02 Feb Lydia Thompson
March 2022
Phoebe and Lydia are presenting their first month of research, in which they have explored Blanca while collecting materials they find aesthetically remarkable. Lydia and Phoebe decontextualize, study, and curate these artefacts to create a dialogue between themselves, the objects, and the place.
Most of the findings are displayed by category and without manipulation, inviting you to imagine their pasts and futures. Warped surfaces hang in the centre of the space, made from recycled paper in a labour-intensive process of deconstruction and production. An altarpiece displaying a composition of natural and manufactured materials takes us to universes of formal relationships, evoking real and imagined ecosystems.
April 2022
Phoebe and Lydia are presenting the results of their second month of research in Blanca.
This month, they have focused on the domestic kitchen as a bio-geo-chemical assemblage, and as a site of labour and gendered performance.
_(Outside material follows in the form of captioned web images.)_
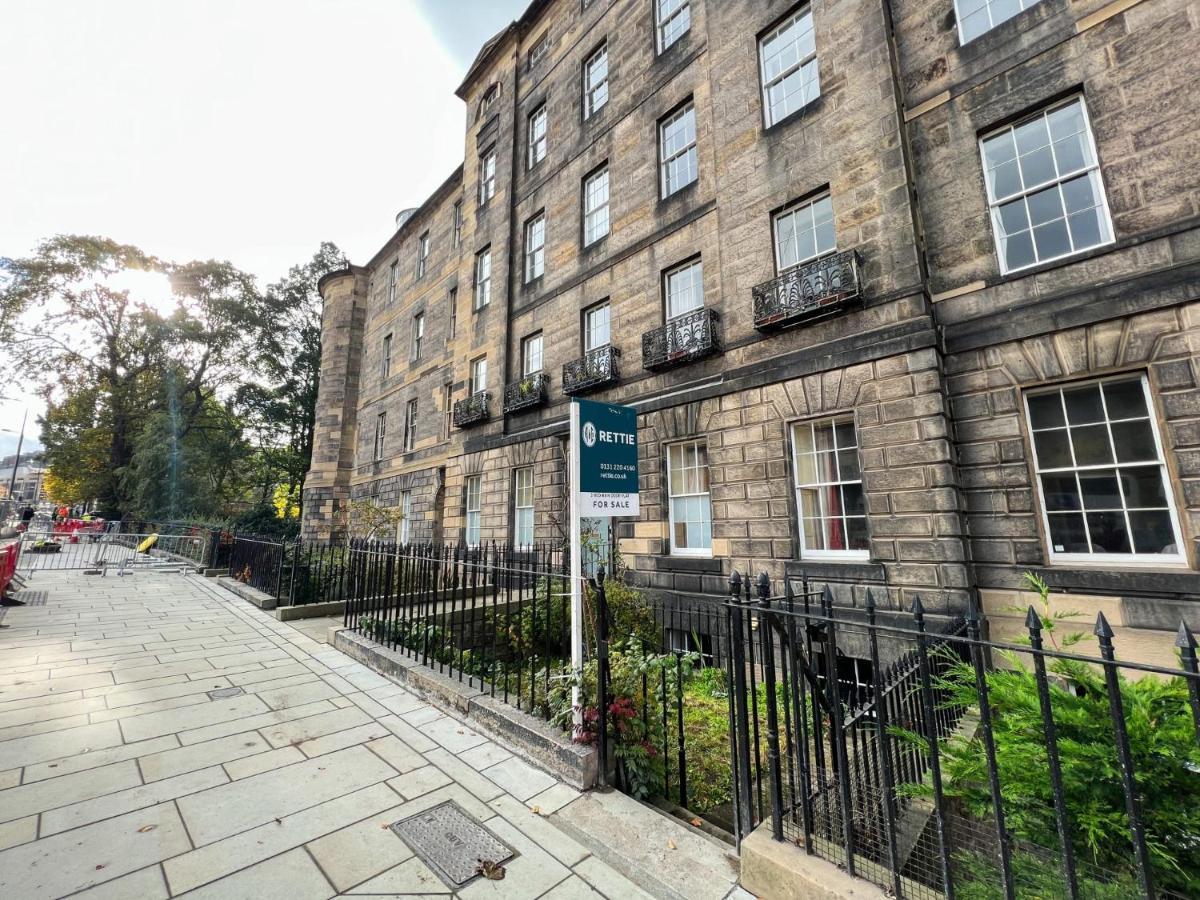 Spacious Flat Sleeps 8 Near Princes Street Эдинбург Экстерьер фото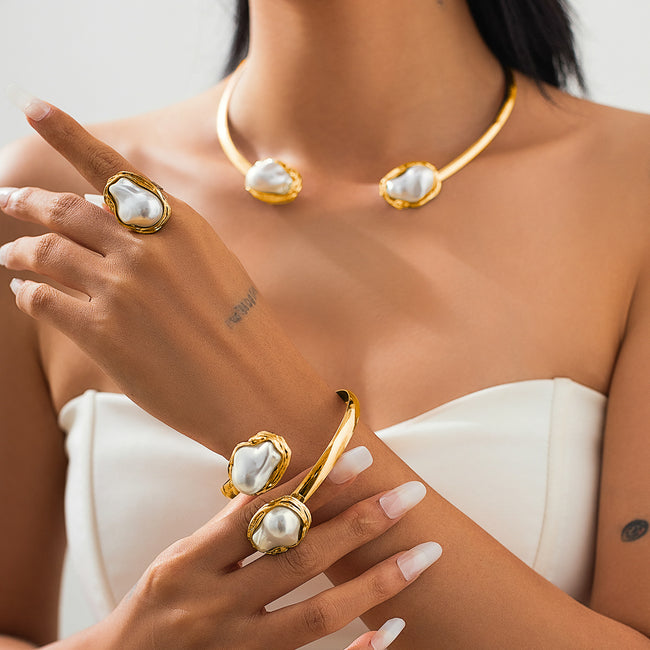 2-Piece Baroque Irregular Pearl Alloy Collar Ring And Bracelet Set Main image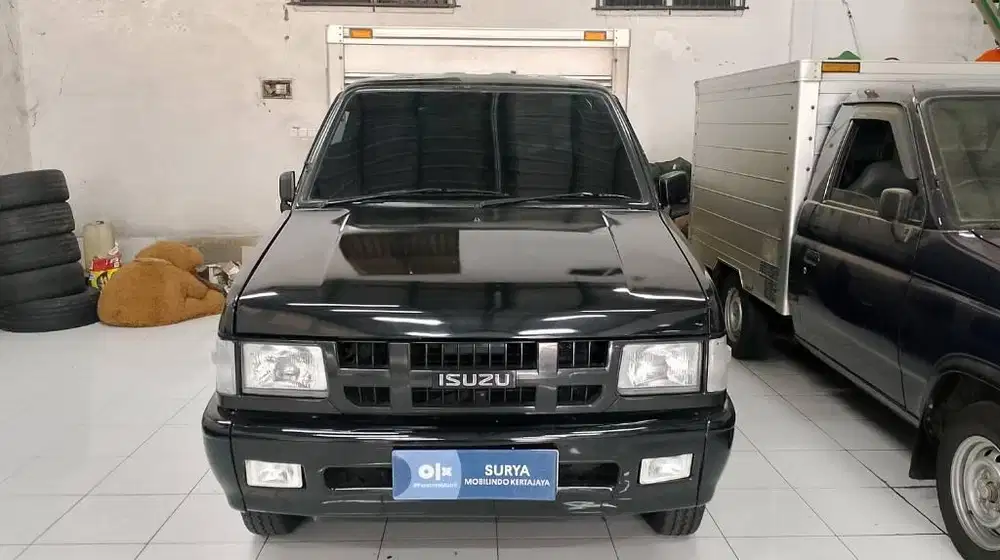 Isuzu Panther Box mt 2012 ada 2 unit bebas pilih#SURYA MOBILINDO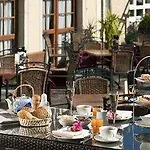 The Townhouse - Individual Design & Casual Concept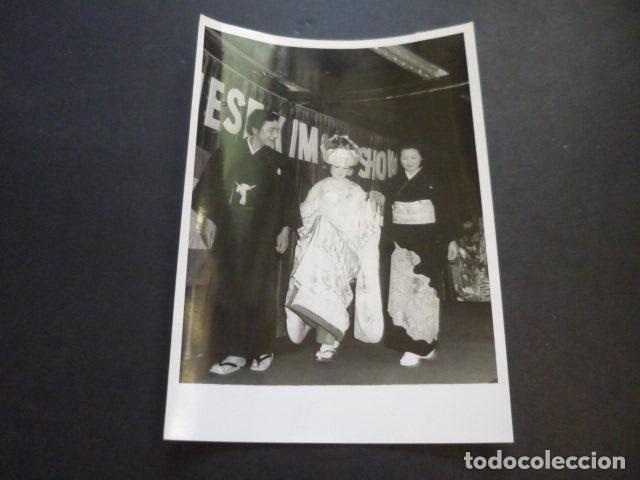 Fotografia antiga: MADRID HOTEL MELIA DESFILE DE MODELOS JAPON JAPONESES ANTIGUA FOTOGRAFIA ORIGINAL 18 X 13 CM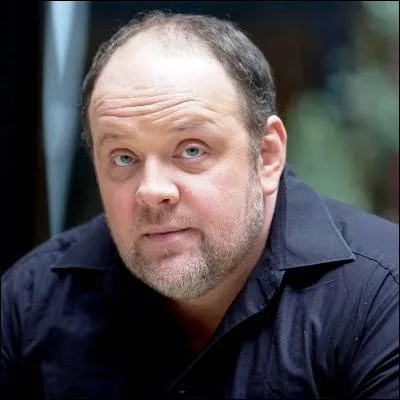 Dans quel film Jean Dujardin et Gr&eacute;gory Gadebois s�affrontent-ils dans une &eacute;lection ?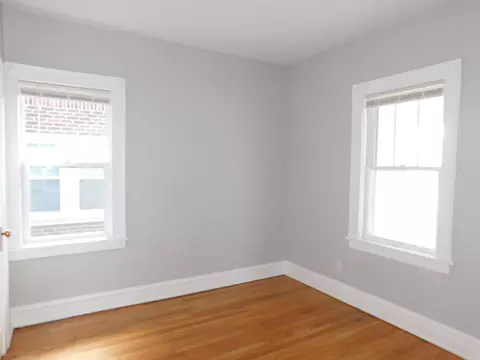 401 Hayes St, Gary, IN 46404 photo 14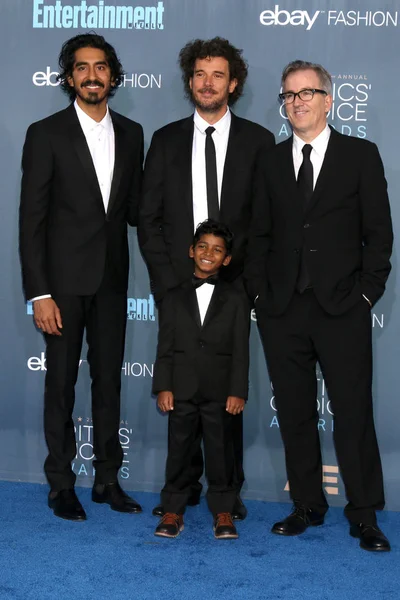 Dev Patel, Garth Davis, soliga Pawar, Luke Davies — Stockfoto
They have also worked with natural textile dyes, food and fabric where our bodies touch local and distant landscapes everyday.
Phoebe and Lydia have spent the month foraging for food and natural dyes around Blanca, taking advantage of the abundant rain, which has resulted in an abundance of “spontaneous plants” (commonly known as “weeds”).
Within the installation, they explore the life cycles of materials, the concept of “waste”, and radical abundance.
They invite you to please enjoy the food available; each element represents ingredients from the landscape which can sustain us.
May 2022
The connection between a house and its inhabitants is a cyclical relationship of love and labour; the house fulfils a basic human need by providing shelter, which is maintained by the resident. Caring for the house involves both domestic and manual labour, in which the resident begins to truly inhabit the house. To love the house is to have a home that is loving, bringing life to both.
The work of Phoebe and Lidia this month consisted in a dialogue with the traditional house of La Peña Negra “Casa Jazmin”.
An endless task of sweeping the floor when the walls are crumbling, and the wind constantly blows around dust and jasmine flowers, talks about the unavoidable entropy.
While cleaning, fixing cracks, pruning and planting, Lidia and Phoebe had the chance to observe how the house was put together, altered, and repaired over the years. Like a bird’s nest, these houses were made by collecting pine from the forest, reeds from the river, and esparto in the hills, with their subsequent actions embedded in the ceilings.
A Vernacular Architecture, built by the people who live in them, using local materials and inheriting /creating knowledge in their making. It is an extremely sustainable and site-specific architecture, built to last on a moving mountain and be comfortable in the heat. This knowledge should be preserved because it not only teaches us how to be self-sufficient but also how to live simply.
In our era of decreasing resources and mass population, where the idea of good living has been based on consumption, inhabiting casa Jazmin is a precious lesson of how little we need and how unrelated consumption can be with our fulfilment.